Sweet potatoes must be one of my most favourite vegetables. This was the first year I’d had a chance to grow them; Sow True Seed kindly provided a selection of slips – All Purple Organic, O’Henry and Beauregard. The vines quickly took over the garden, sending out runners like Triffads. I didn’t realise until late on that you can sauté the leaves for a mid-summer stir-fry.
My main potato crop had rotted away with Noah-like rains, so I was a little worried for the sweet potato tubers. But from 9 small slips (three of each) I pulled about 20lbs of sweet potatoes.
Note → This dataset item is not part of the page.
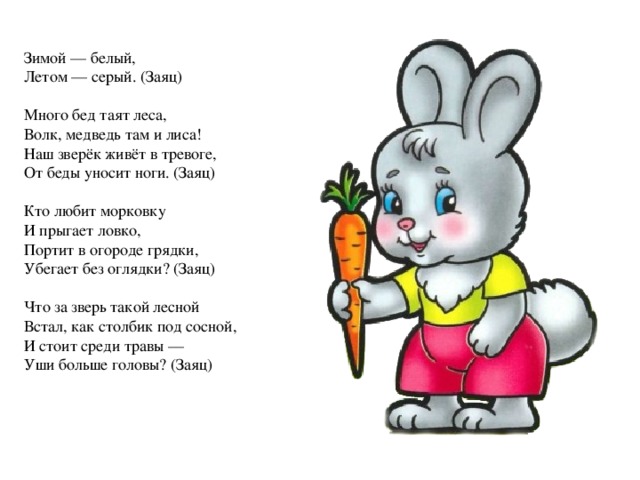 Сложные загадки про зайца. лесной красавец ушастый заяц. загадки про зайца для детей. детские загадки про зайца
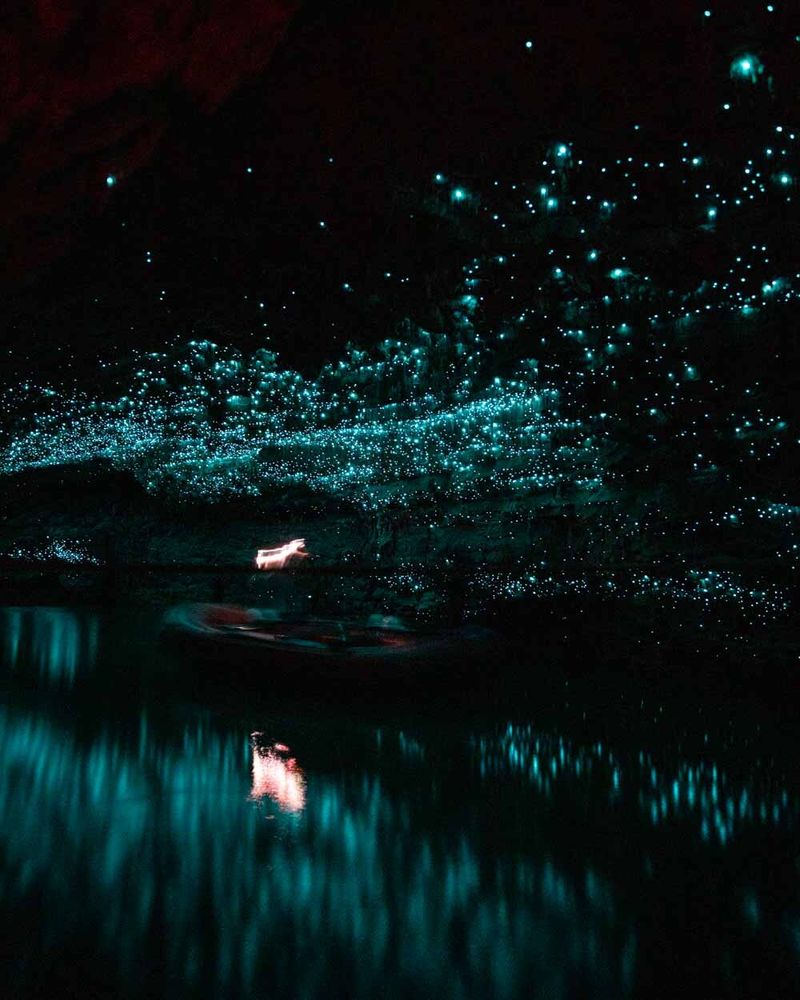 New Zealand's Glowworm Caves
The best crop being the Beauregard, but the biggest single potato being an All Purple Organic:
Now here comes the apocalypse…
It was a disaster: sun flares took out my humidifier and Zombie-Groundhogs destroyed my temperature controlled sweet potato curing room.
Belle: Those Whistle-Pig Swines!
Faced with an immediate post-apocalyptic existence of starchy sweet potatoes, and a long-term post-apocalyptic existence of no sweet potatoes (they need to store through the winter to sprout slips for replanting), I decided to improvise with a weather-controlled homemade sweet potato curing tent!
I kept it in the sun, zipped in up at night and placed jars of water between the scattered crop. No, I couldn’t maintain a constant temperature or humidity, but it was hotter and more humid in there than everywhere else and the netting allowed airflow during the day.
I think it was a pretty adequate PA-Solution, but the proof is in the potato.
1) they are as sweet as their name suggests – TICK
2) so far they’re surviving the winter – Optimistic TICK
I figure supermarket sellers may justify the fancy curing techniques, but for us home-growers, we have to make do with what we have and most of the time it’s more than enough!